September 7, 2011

Significant Memorial Buildings

I was browsing the Architectural Digest website and came across an interesting article. Here are some of my favorite pieces of the article. (For the full article, click here)

"The National September 11 Memorial & Museum at the World Trade Center opens on the tenth anniversary of the attacks on the United States. Like other well-known memorials, the fountains designed by architect Michael Arad in the footprints of the twin towers incorporate figurative symbolism, while exploring architecture’s power to express emotion. AD visits the most noteworthy memorials of the modern era from around the world"


Gateway Arch, St. Louis

"Most people don’t think of St. Louis’s celebrated Gateway Arch as a memorial, but in fact it’s the centerpiece of the Jefferson National Expansion Memorial built to commemorate the westward expansion of the United States. In the 1948 competition for the memorial design, an unknown Eero Saarinen beat out his famous father, Eliel, with a simple but powerful steel parabola. America’s first modern monument, the 630-foot-high engineering marvel did not begin construction until 1963, two years after its designer’s death."

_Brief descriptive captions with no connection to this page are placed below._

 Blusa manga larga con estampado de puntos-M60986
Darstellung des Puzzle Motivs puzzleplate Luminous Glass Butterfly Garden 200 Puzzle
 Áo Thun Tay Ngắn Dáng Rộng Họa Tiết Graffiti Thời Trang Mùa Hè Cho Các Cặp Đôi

Vietnam Veterans Memorial, Washington D.C.

"Just 21 years old and a student at Yale University, Maya Lin was plucked from obscurity and immediately plunged into controversy when her design—a visual scar on the National Mall—won the 1981 competition. The memorial invites the viewer below ground level to read the names of the war’s more than 58,000 dead and missing inscribed on the face of two 247-foot black-granite walls. Decried as an insult to veterans, the simple structure elicited such powerful emotions upon opening to the public that its critics were almost immediately silenced."


Jewish Museum, Berlin

"No museum dedicated to the history of the Jews in Germany can be just a museum. Opened in 2001, Daniel Libeskind’s first major work is arguably his best. Built around the concept of erasure and void, its architecture integrates the meaning of the Holocaust into the consciousness of the city, physically and spiritually. The zigzagging form of its main building, the unusual gradient of the Garden of Exile, and the Holocaust Tower’s claustrophobic container are disorienting, but the architect calls the project an 'emblem of hope.'"

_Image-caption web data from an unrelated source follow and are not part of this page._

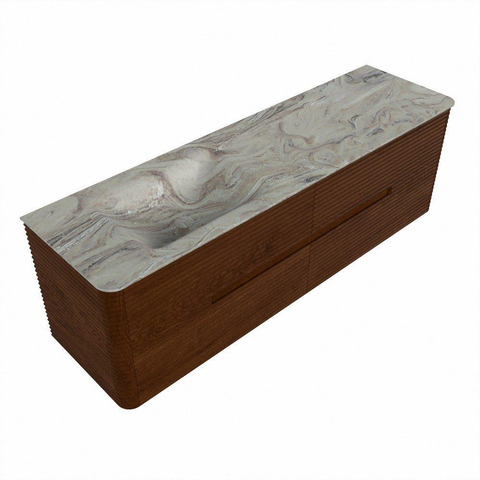 Mondiaz CIRO-DLUX Badkamermeubelset - 160x45x50cm - Solid surface wastafel Glace - 1 wasbak Links - 1 kraangat - 4 lades - Ruby SW1531669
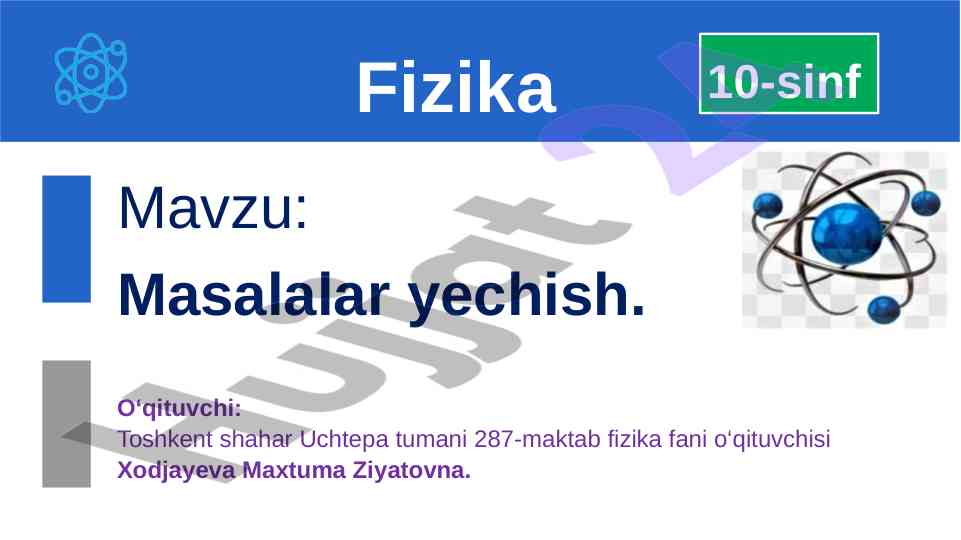 Masalalar yechish metodlari va formula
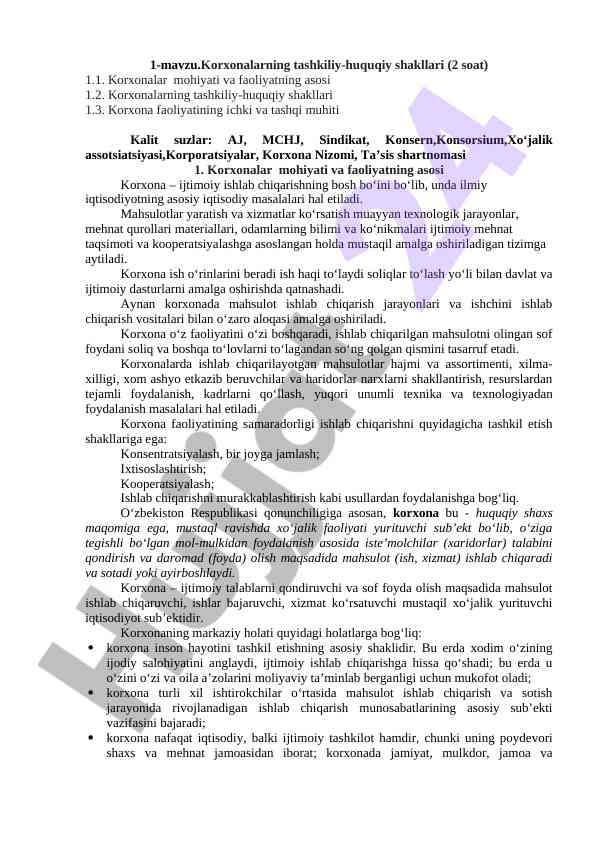 Korxonalarning tashkiliy-huquqiy shakllari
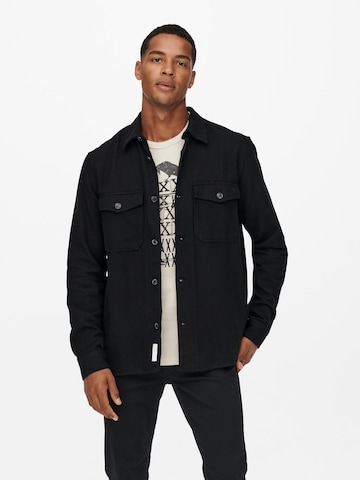 Only & Sons Regular fit Overhemd 'Milo' in Zwart: voorkant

Pentagon Memorial, Washington D.C.

"In a two-acre park near the point of impact of American Airlines Flight 77 on 9/11, the Pentagon Memorial features 184 cantilevered, benchlike “units,” each engraved with the name of a victim, hovering above a pool of water. Somewhat convoluted in its details, Keith Kaseman and Julie Beckman’s design was chosen from more than 1,200 submissions in an international competition."

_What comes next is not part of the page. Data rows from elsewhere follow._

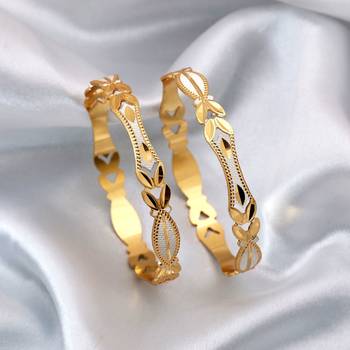 Gold color 1 pair of fashion bangle size: 2.4 (plkb147gld-2.4) 2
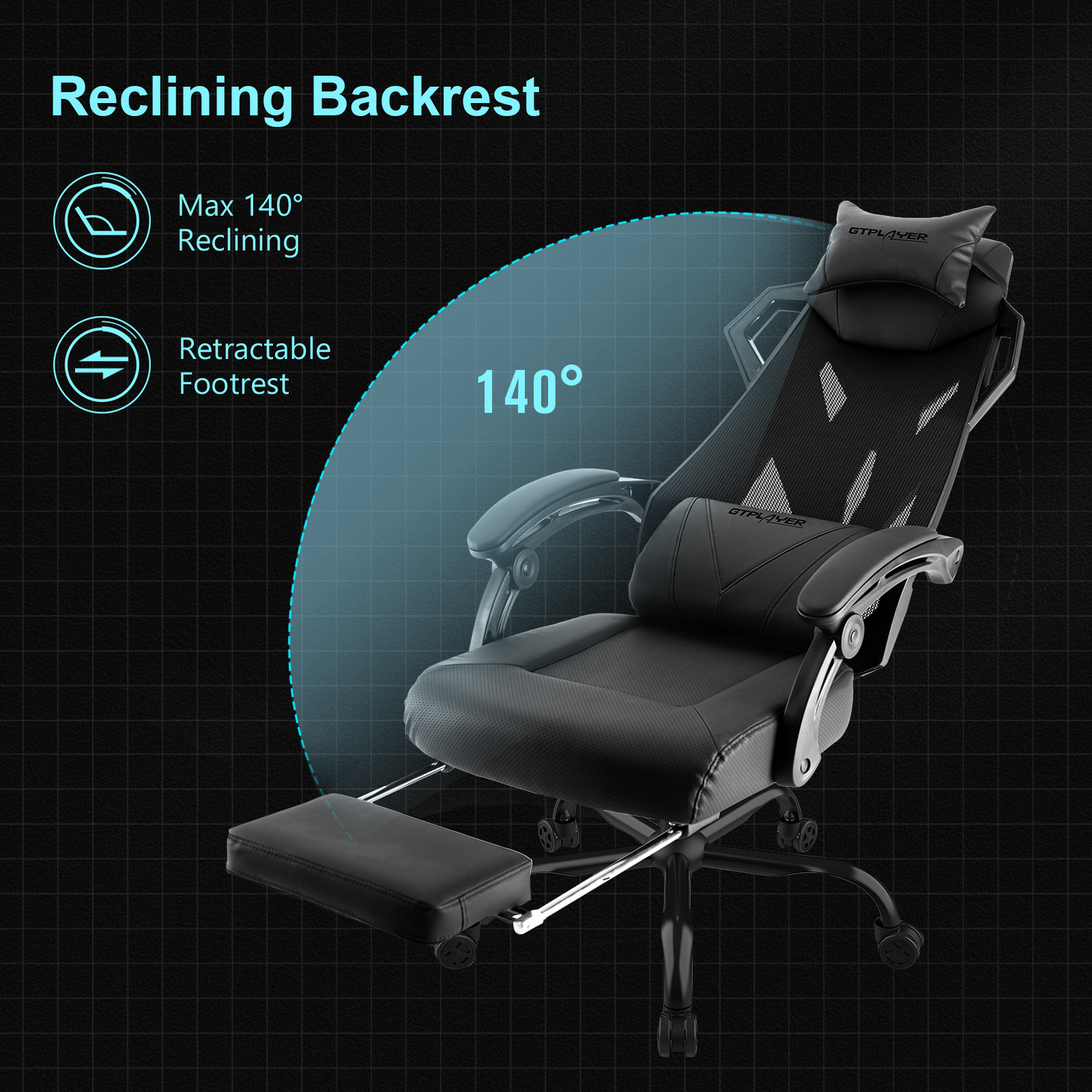 GTPLAYER Mesh Gaming Chair with Footrest 3D Stereoscopic Frame Support Ergonomic Fabric Cover Desk Chair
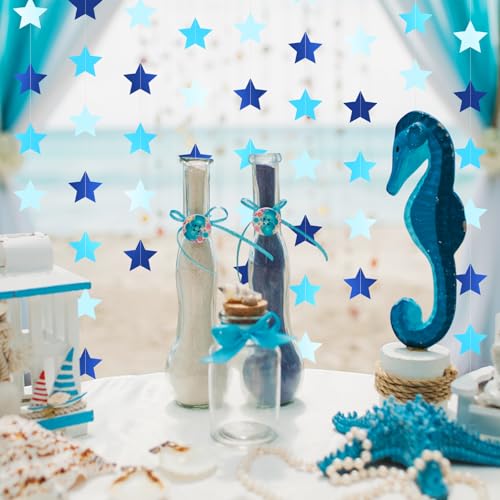 Image of Patelai Glitter Star Garland Banner 2026 Graduation Decor 130 Feet Star Hanging Banner Twinkle Backdrop for Party Birthday Classroom Wedding Supplies(Ocean Blue)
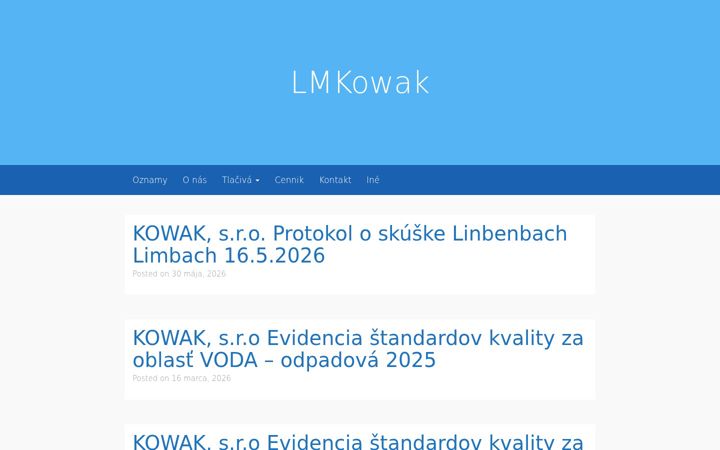 Screenshot von lmkowak.sk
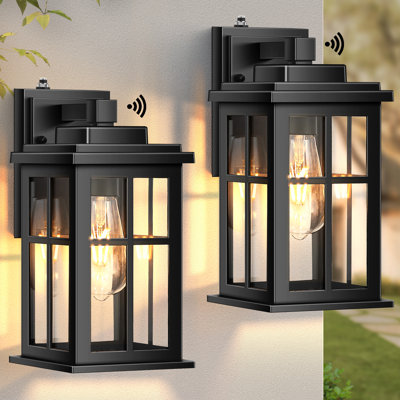 2 Pack Exterior Lighting Fixtures, Black Dusk to Dawn Outdoor Lighting for House, Porch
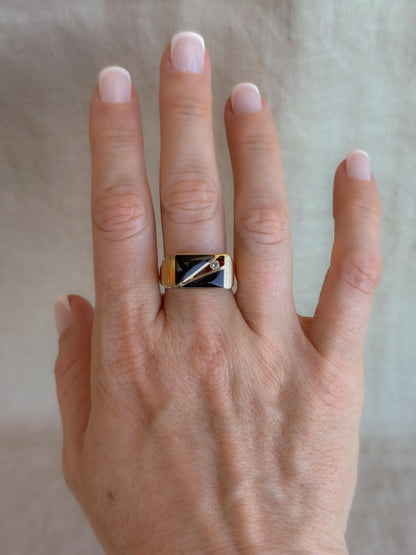 Vintage Diamond and Onyx Wedding Band, 14k Gold, Mens Signet Statement Ring, Anniversary Band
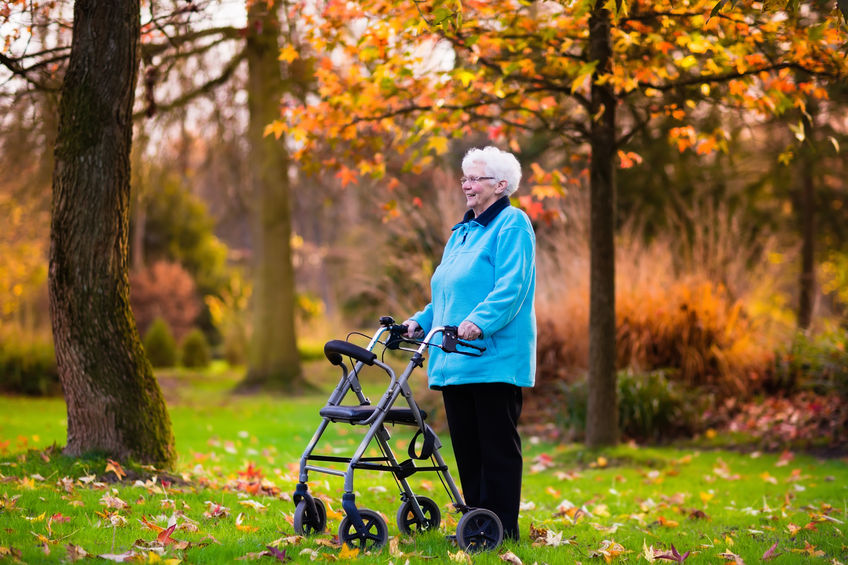 Woman pushing walker image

USS Arizona Memorial, Honolulu

"The USS Arizona is the final resting place for many of the ship’s 1,177 crewmen who lost their lives in the attack on Pearl Harbor 70 years ago. The 184-foot-long memorial, accessible only by boat, sits on the surface above the sunken vessel’s midsection, rising at either end to signify the United States’ ultimate victory. Its designer, Austrian-born Alfred Preis, fled the Nazi takeover of his homeland only to be imprisoned as an “enemy alien” in Hawaii, not far from where his monument now stands."